• **Requirement**
With all pictures excluded, restate the records that follow exactly as written.

§ §

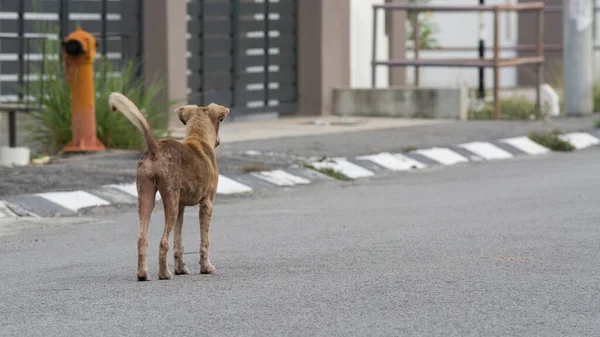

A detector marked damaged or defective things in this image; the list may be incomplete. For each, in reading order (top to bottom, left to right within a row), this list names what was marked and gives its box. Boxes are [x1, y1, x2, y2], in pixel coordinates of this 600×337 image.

rusty metal frame [370, 1, 544, 119]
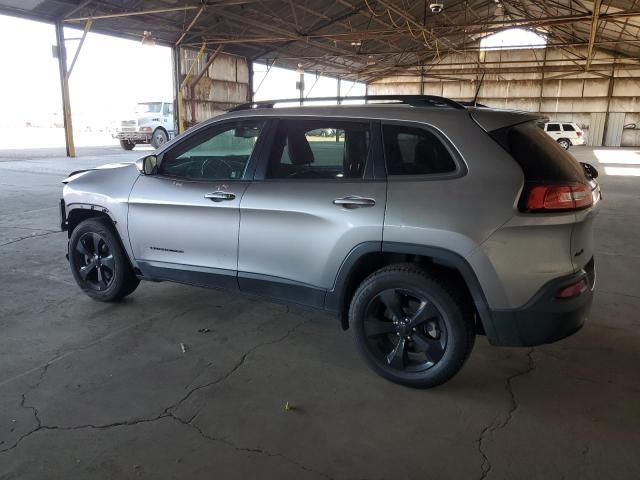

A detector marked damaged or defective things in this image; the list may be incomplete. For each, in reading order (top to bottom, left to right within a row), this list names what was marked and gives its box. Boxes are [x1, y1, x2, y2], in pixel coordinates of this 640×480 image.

crack in concrete [0, 231, 59, 248]
crack in concrete [476, 348, 536, 480]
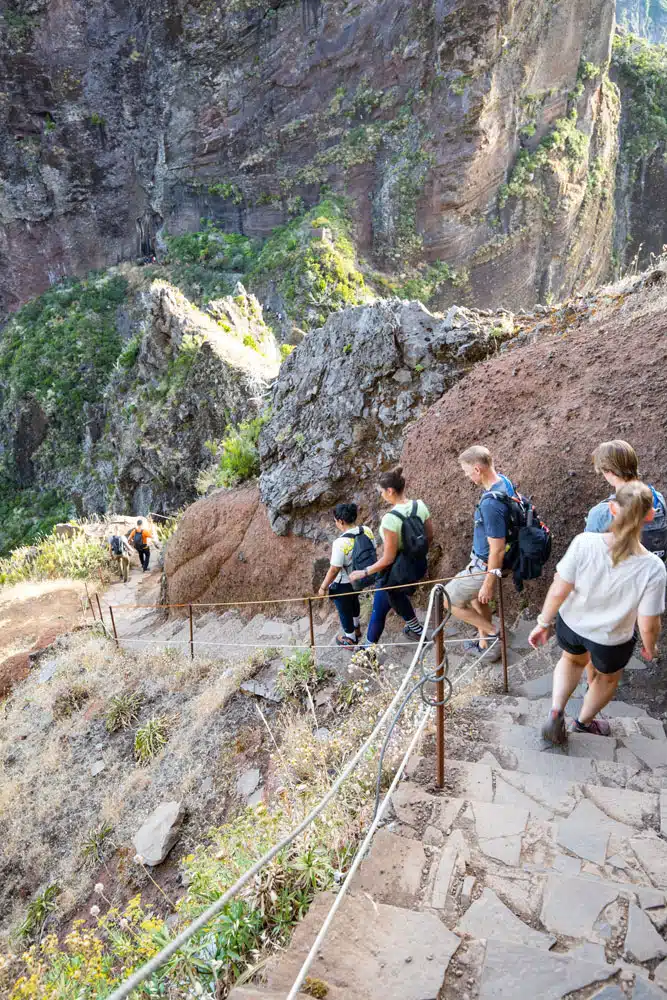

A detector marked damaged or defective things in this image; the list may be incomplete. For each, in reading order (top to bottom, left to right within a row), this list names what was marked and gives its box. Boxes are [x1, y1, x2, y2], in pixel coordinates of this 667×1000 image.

rusty metal post [496, 576, 512, 692]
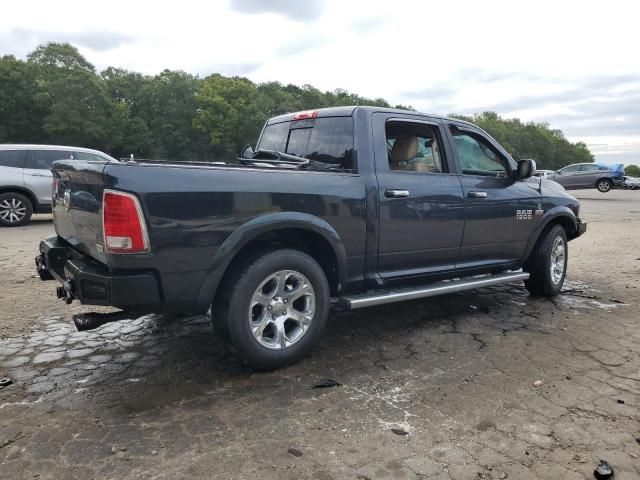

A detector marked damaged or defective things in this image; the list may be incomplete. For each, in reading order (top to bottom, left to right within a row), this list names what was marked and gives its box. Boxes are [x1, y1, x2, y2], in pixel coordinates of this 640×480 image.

cracked asphalt [1, 189, 640, 478]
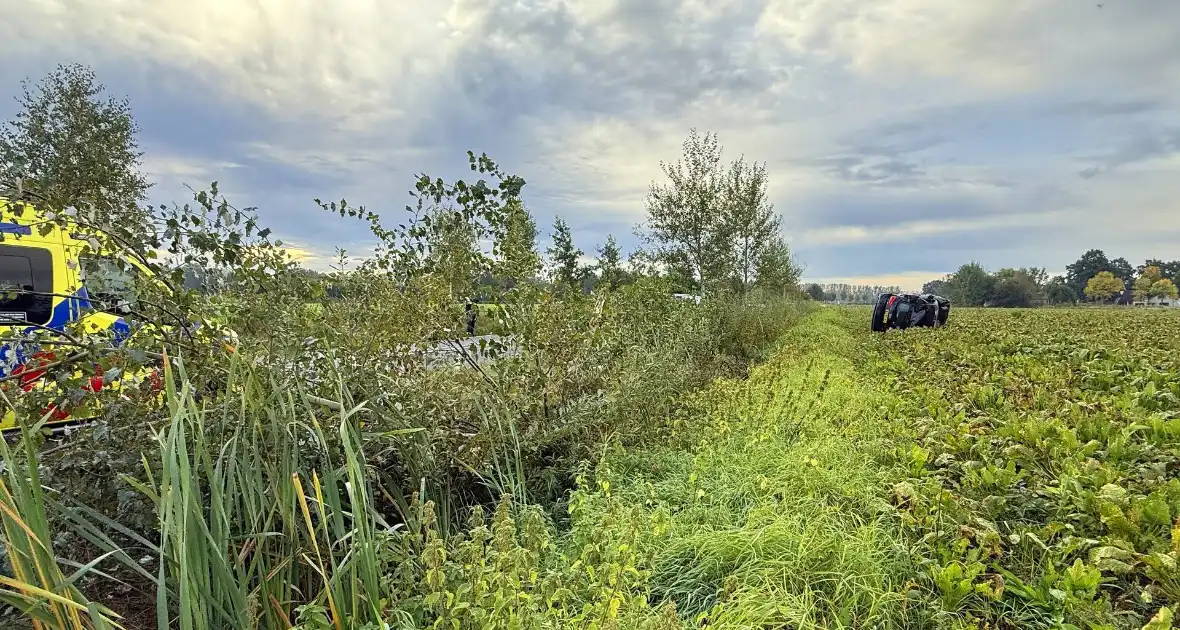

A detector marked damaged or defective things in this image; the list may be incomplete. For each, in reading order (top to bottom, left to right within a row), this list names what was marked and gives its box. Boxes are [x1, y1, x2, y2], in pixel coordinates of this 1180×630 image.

overturned car [876, 296, 956, 336]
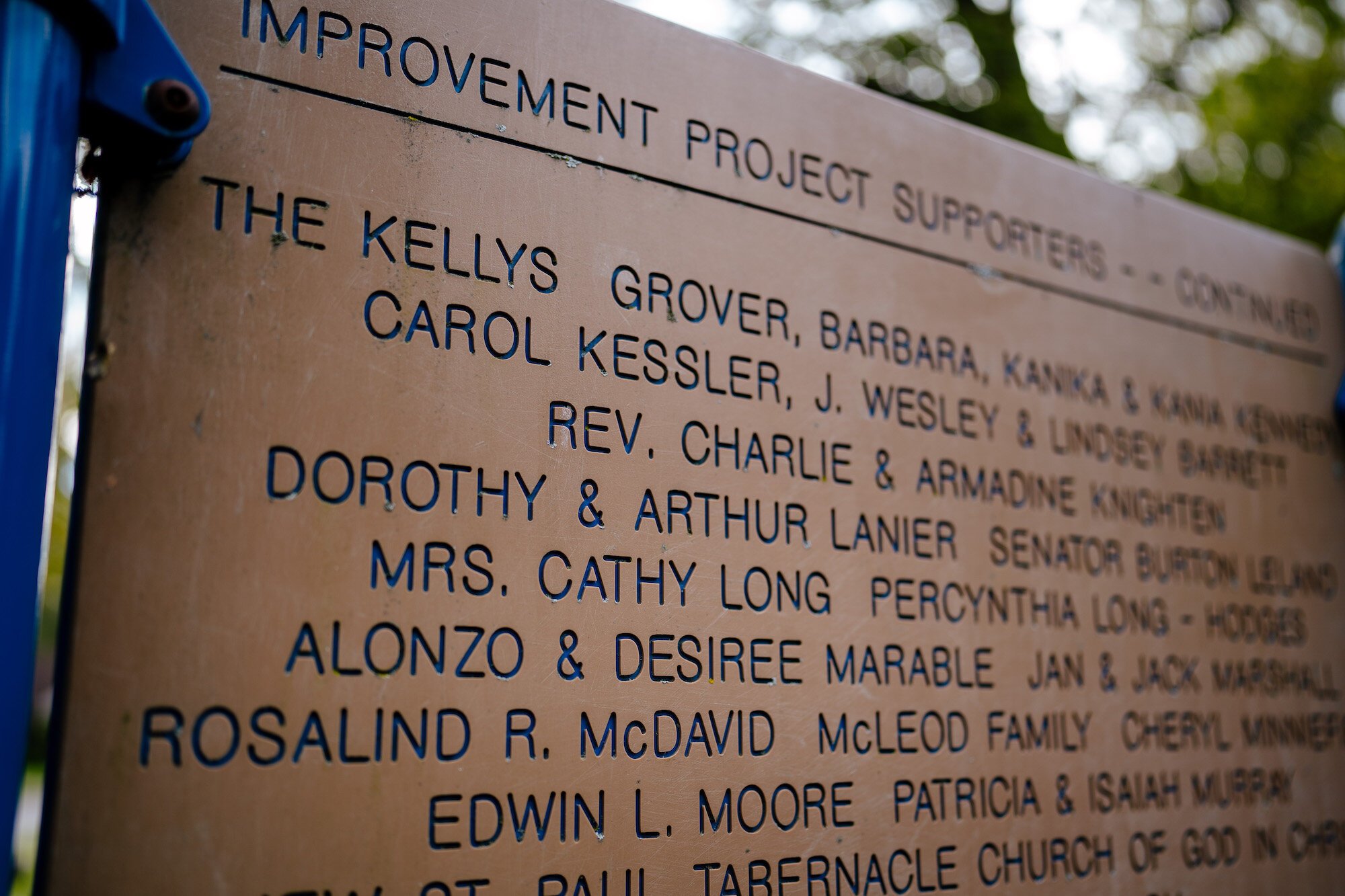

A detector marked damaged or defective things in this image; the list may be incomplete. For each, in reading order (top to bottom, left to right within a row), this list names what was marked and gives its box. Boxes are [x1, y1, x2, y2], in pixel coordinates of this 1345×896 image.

rusty bolt head [147, 79, 202, 131]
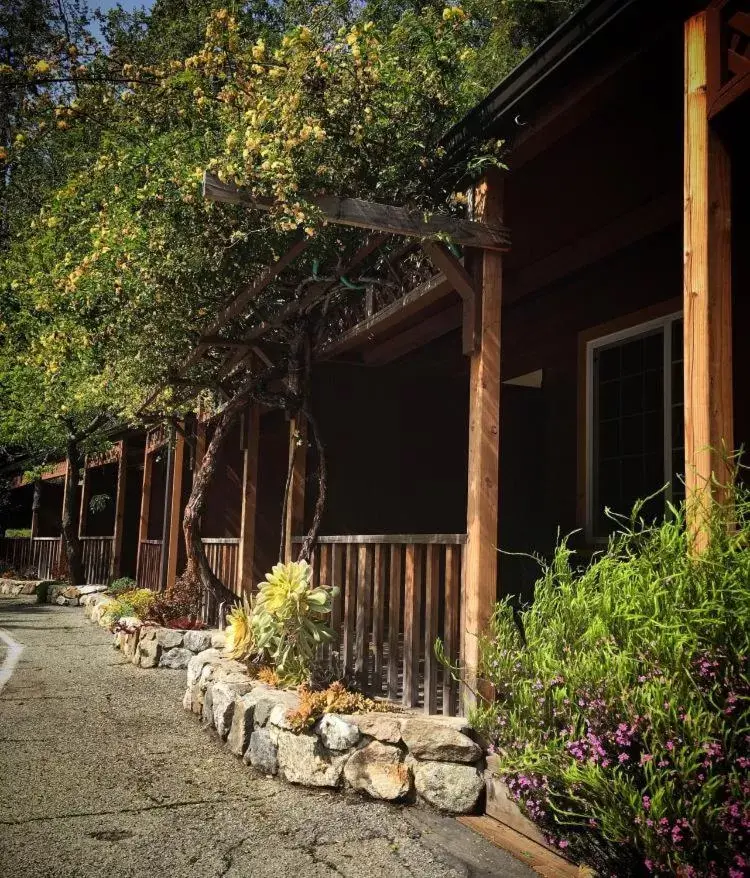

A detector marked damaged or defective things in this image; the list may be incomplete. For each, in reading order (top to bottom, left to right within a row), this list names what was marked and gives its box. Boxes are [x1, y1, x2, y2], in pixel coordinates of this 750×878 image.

cracked pavement [0, 600, 536, 878]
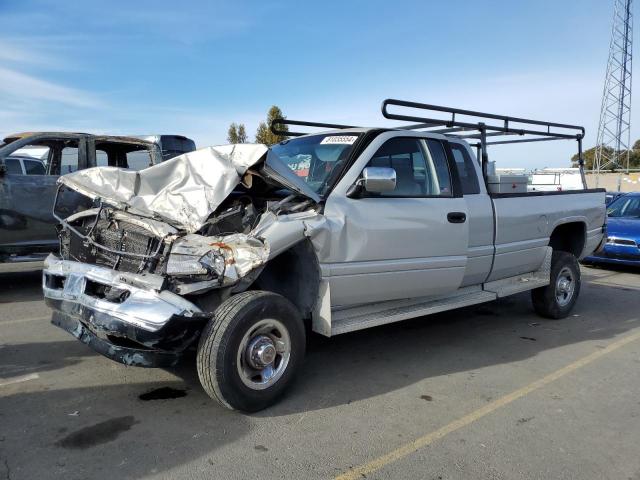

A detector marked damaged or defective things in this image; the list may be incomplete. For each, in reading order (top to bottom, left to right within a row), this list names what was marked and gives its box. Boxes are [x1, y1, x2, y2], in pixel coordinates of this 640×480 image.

wrecked car in background [0, 133, 195, 272]
damaged front bumper [42, 255, 208, 368]
torn metal panel [58, 144, 268, 232]
crumpled hood [59, 142, 268, 232]
cracked headlight [166, 249, 226, 276]
wrecked car in background [43, 98, 604, 412]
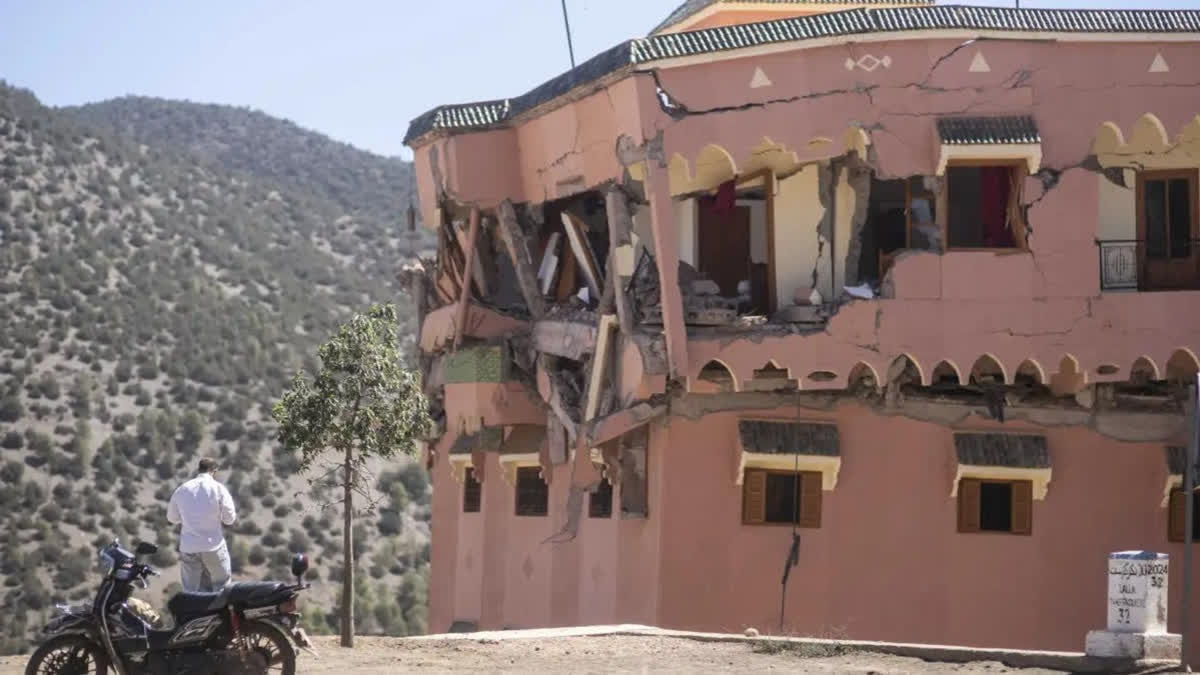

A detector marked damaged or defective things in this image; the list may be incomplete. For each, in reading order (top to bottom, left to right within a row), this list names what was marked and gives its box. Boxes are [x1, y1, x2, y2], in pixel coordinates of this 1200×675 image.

§ §

• **Expected output**
A detector marked damaged or defective things in this image; the list may be incomplete. For each, in reading order (top to bottom, left to right within a row), this list names what was marked and gives its box. Boxes are [x1, y1, x2, y2], in pixel coordinates of this 600×337 image.

rusty metal frame [370, 1, 544, 119]

A detector marked damaged or defective things in this image; the list may be incomplete. For each, in reading order (top to bottom, left to right within a row), this list names what was marked and gives its box. Boxes are [x1, y1, x2, y2], in pixel coordinates of this 640×480 image.

crack in concrete [0, 231, 59, 248]
crack in concrete [476, 348, 536, 480]

A detector marked damaged or defective things in this image; the list may be incomplete. For each, in reading order (top to bottom, left to right within a row), this list names what was marked and gives its box. Boxes are [x1, y1, x2, y2], in pixel coordinates of this 667×1000 image.

rusty metal post [496, 576, 512, 692]

A detector marked damaged or defective things in this image; the list may be incomplete. For each, in reading order (top to bottom, left to right within a row), this list names what was marked and gives its box. Boxes are [x1, y1, x2, y2], in pixel coordinates of this 640×480 image.

cracked asphalt [1, 189, 640, 478]

A detector marked damaged or defective things in this image; the list may be incomplete. For each, in reading order (top to bottom, left to right within a row), this list names what was marked and gives its box. Boxes are [x1, y1, x2, y2], in pixel coordinates of this 1180×630 image.

overturned car [876, 296, 956, 336]

A detector marked damaged or defective things in this image; the list may be incomplete. For each, in reading order (top to bottom, left to right within a row), this list names what was marked and gives its box. Boxes are [x1, y1, x2, y2], in pixel coordinates of this 1345×896 image.

rusty bolt head [147, 79, 202, 131]

A detector marked damaged or defective things in this image; the list may be incomplete. For each, in reading order (top to bottom, left to right within a row), this list names what was marked and gives its box. Boxes are [x1, y1, x2, y2], in pixel coordinates of this 750×878 image.

cracked pavement [0, 600, 536, 878]

A detector marked damaged or defective things in this image; the list may be incomplete. For each, in reading order (top to bottom, left to right within a row), this list names what was marked and gives its box. Boxes are [x1, y1, x2, y2], in pixel coordinates of this 640×480 image.

wrecked car in background [0, 133, 195, 272]
damaged front bumper [42, 255, 208, 368]
torn metal panel [58, 144, 268, 232]
crumpled hood [59, 142, 268, 232]
cracked headlight [166, 249, 226, 276]
wrecked car in background [43, 98, 604, 412]

A detector marked damaged or defective things in this image; the list may be incomplete. For each, in reading order (top to bottom, left to right within a row), this list names what was marked and gives its box. Boxes are [x1, y1, x2, y2], in pixel coordinates of this 1200×675 image.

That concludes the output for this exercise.